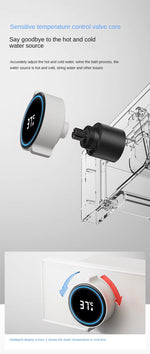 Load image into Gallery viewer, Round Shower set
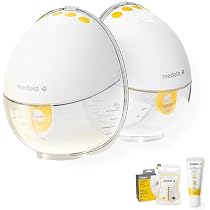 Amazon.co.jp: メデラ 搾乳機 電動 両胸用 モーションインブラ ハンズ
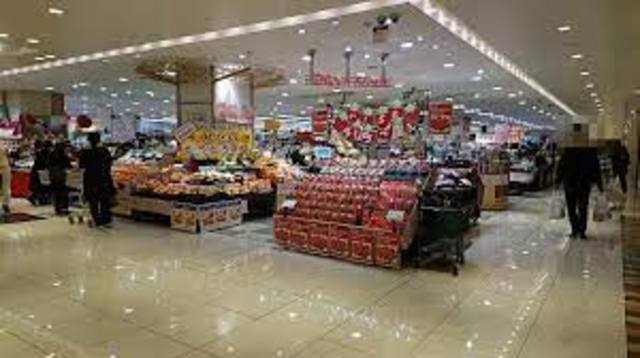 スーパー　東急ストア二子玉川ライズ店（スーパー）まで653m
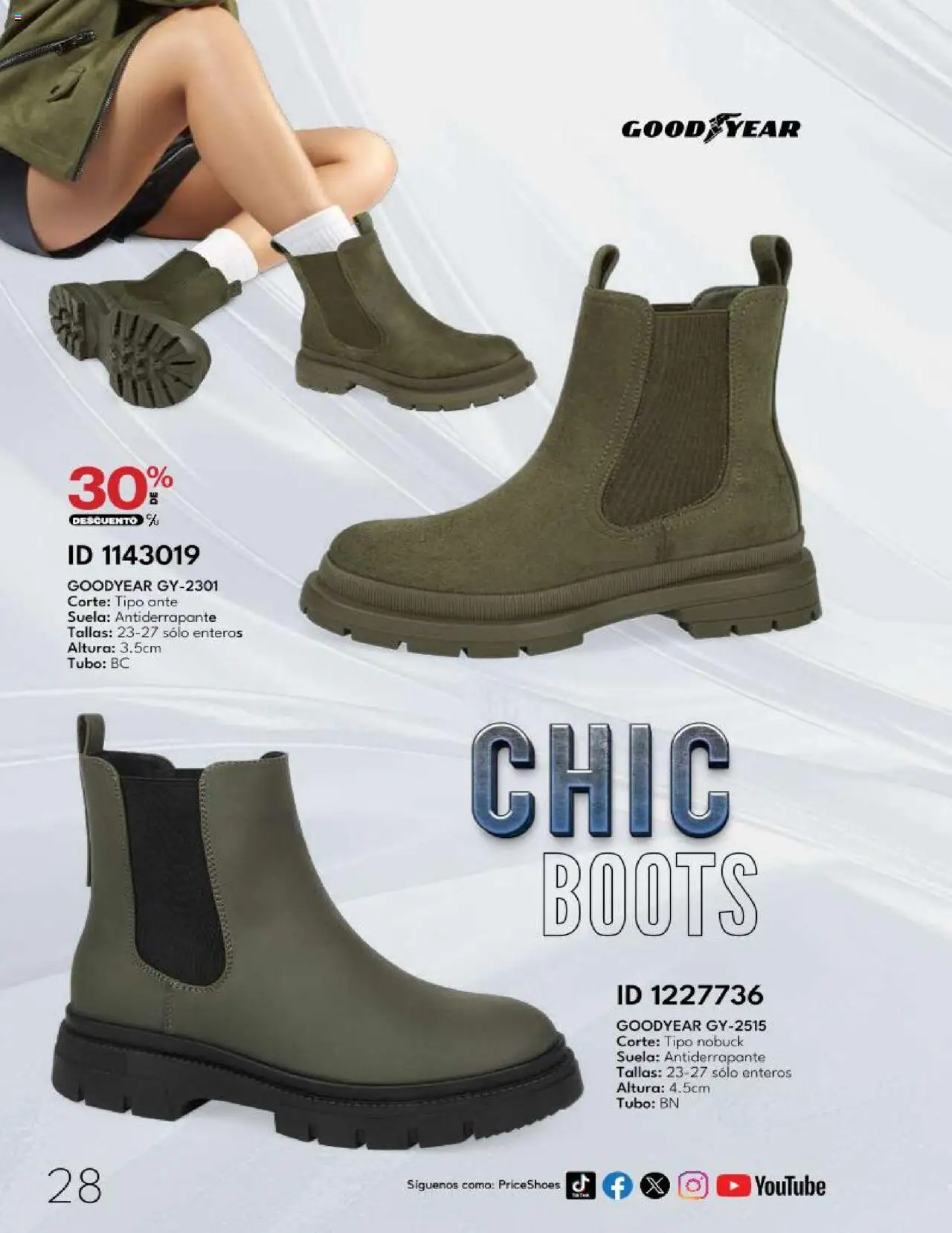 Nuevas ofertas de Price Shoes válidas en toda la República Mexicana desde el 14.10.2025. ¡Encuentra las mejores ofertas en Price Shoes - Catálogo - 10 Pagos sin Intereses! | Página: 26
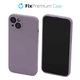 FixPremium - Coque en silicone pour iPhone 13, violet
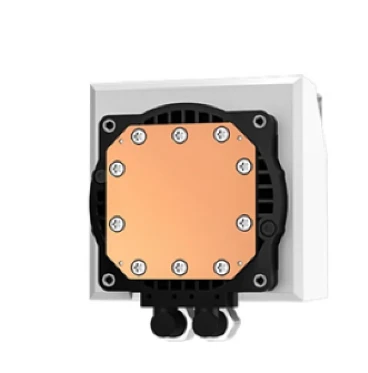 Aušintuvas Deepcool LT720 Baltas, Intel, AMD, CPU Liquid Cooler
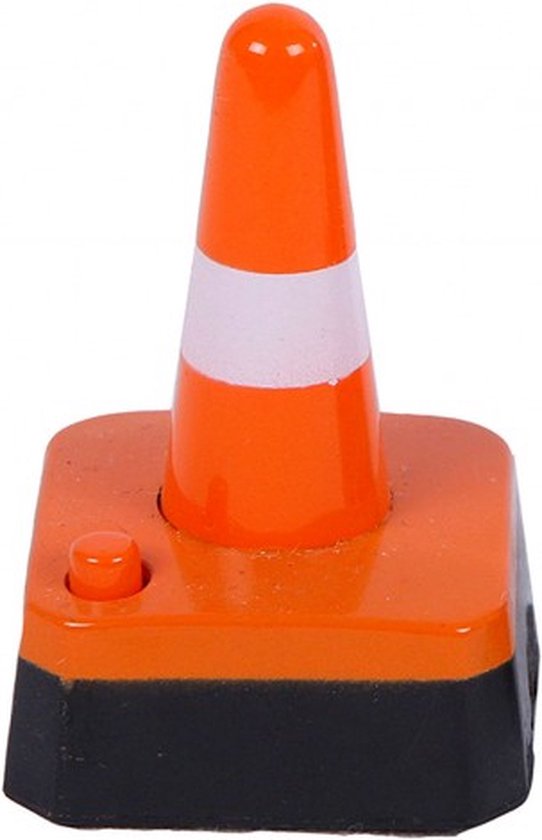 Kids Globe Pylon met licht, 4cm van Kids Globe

# [WHAT IS REQUIRED]
Transcribe the complete set of entries verbatim. No pictures belong in the copy.

# [TASK ANSWER]
 Load image into Gallery viewer, Round Shower set
 Amazon.co.jp: メデラ 搾乳機 電動 両胸用 モーションインブラ ハンズ
 スーパー　東急ストア二子玉川ライズ店（スーパー）まで653m
 Nuevas ofertas de Price Shoes válidas en toda la República Mexicana desde el 14.10.2025. ¡Encuentra las mejores ofertas en Price Shoes - Catálogo - 10 Pagos sin Intereses! | Página: 26
 FixPremium - Coque en silicone pour iPhone 13, violet
 Aušintuvas Deepcool LT720 Baltas, Intel, AMD, CPU Liquid Cooler
 Kids Globe Pylon met licht, 4cm van Kids Globe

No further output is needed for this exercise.